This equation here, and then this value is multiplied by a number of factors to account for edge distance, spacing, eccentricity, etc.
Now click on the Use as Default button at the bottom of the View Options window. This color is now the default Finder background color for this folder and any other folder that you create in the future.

◆ ◆ ◆ ◆

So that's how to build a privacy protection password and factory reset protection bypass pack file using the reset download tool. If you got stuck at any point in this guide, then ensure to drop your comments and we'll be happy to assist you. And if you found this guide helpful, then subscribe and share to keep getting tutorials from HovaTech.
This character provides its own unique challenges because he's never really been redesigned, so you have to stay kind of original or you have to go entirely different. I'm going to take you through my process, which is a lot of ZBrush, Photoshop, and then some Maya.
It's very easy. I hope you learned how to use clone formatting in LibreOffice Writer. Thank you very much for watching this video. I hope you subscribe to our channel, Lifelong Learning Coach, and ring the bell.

◆ ◆ ◆ ◆

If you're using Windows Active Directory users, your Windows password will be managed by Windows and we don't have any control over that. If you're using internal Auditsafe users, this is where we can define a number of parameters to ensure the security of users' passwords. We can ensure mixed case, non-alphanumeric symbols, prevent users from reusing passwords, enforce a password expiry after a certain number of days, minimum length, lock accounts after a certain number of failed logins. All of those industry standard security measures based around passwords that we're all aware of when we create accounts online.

◆ ◆ ◆ ◆

__INSTRUCTIONS TO FOLLOW__. All that is wanted is a faithful reproduction of the line above with "This equation here, and", the line with "Now click on", and every line in between.

__TASK ANSWER__.
This equation here, and then this value is multiplied by a number of factors to account for edge distance, spacing, eccentricity, etc.
Now click on the Use as Default button at the bottom of the View Options window. This color is now the default Finder background color for this folder and any other folder that you create in the future.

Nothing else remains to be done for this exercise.